In the excitement that often accompanies big archeological discoveries, it’s usually pointed out how difficult it was to get to the place where they were found. However, it’s rarely noted that the artifacts belonged to ancient cultures who actually lived in that remote place and under the same harsh conditions without a problem. Such a place is the Himalayas, where a recent combined Russian-Indian expedition that has been searching the mountain area bordering India and Pakistan for three years found two unusual caches of stone figures dating back to the early Middle Ages (5th century CE) showing anywhere from one to four people riding sitting on a single horse. Who carved these sculptures and why? Was this area the first to develop public transportation?
According to the Russian news agency RIA Novosti, the expedition was led by Corresponding Member of the Russian Academy of Sciences Natalia Poslomak, who seems to have a knack for fantastic finds in frigid fields. In 1993, Polosmak, a specialist in ancient Siberian cultures, was digging on the Ukok Plateau when she found what has come to be known as the Ice Maiden – a mummy preserved in the frozen permafrost wearing the beautiful clothing of a woman with a high social status whose attire and tattoos associate her with the Pazyryk people dating back to the Iron Age, around the 5th century BCE. The location on the Russia-China border, the uproar by indigenous peoples over disturbing the dead, and the fear of a curse – the area was hit by an earthquake in 2003 – made the Ice Maiden both archeologically and politically controversial.

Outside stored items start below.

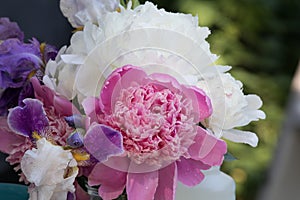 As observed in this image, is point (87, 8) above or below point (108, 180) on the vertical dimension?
above

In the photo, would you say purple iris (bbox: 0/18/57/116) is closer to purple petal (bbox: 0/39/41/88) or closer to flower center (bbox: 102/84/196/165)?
purple petal (bbox: 0/39/41/88)

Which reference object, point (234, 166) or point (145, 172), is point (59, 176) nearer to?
Answer: point (145, 172)

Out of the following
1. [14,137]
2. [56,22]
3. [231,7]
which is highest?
[231,7]

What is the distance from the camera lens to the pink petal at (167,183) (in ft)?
1.96

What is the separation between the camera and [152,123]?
584 millimetres

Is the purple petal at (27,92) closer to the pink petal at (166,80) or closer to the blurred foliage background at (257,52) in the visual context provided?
the pink petal at (166,80)

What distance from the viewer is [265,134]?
7.62ft

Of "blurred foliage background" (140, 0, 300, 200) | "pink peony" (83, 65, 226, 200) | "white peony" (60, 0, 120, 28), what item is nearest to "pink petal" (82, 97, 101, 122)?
"pink peony" (83, 65, 226, 200)

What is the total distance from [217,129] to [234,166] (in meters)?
1.62

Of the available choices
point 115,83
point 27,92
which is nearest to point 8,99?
point 27,92

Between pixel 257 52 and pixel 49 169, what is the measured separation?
1933mm

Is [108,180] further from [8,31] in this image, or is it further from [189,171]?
[8,31]

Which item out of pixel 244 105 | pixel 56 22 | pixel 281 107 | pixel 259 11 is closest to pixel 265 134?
pixel 281 107

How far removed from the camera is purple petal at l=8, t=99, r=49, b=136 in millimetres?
599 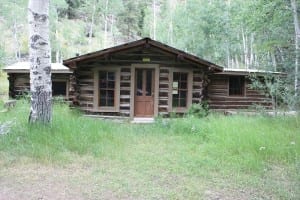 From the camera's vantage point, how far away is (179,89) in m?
15.6

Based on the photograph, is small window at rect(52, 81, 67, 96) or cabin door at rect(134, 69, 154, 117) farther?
small window at rect(52, 81, 67, 96)

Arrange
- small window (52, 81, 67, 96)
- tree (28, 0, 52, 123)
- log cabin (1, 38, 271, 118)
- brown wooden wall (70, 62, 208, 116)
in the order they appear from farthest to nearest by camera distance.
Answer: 1. small window (52, 81, 67, 96)
2. brown wooden wall (70, 62, 208, 116)
3. log cabin (1, 38, 271, 118)
4. tree (28, 0, 52, 123)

Will the strange stone horse riders bring Poslomak similar problems? The sculptures were discovered in the Kashmir Province of India on the Pakistani border by an expedition led by a Russian and funded by Russian and German backers – no potential for controversies there, right? Vyacheslav Molodin, deputy director of the Institute of Archeology and Ethnography of the Siberian Branch of the Russian Academy of Sciences, announced the find to journalists last week. He said the approximately 200 statues were of the same style – people on horses – but each was unique in design and “richly decorated with carvings.”
Other than that, Molodin says very little seems to be known about the two ritual complexes where the statues were found and nothing is known about the people who carved them.
“But what kind of population is this is a big problem, because there was nothing like it in the iconography in India before, it’s some kind of population that suddenly appeared in the Himalayas, settled in hard-to-reach areas and left such a trace.”
Natalia Poslomak will likely stay and search for more artifacts and potential remains – frozen or otherwise – since so many questions are unanswered. Who were the mysterious stone carvers? Why four people on one horse? What kind of culture would need to do that? What kind of horse would be strong enough and long enough in the early Middle Ages to do that? (Insert “Aliens!” exclamation here.)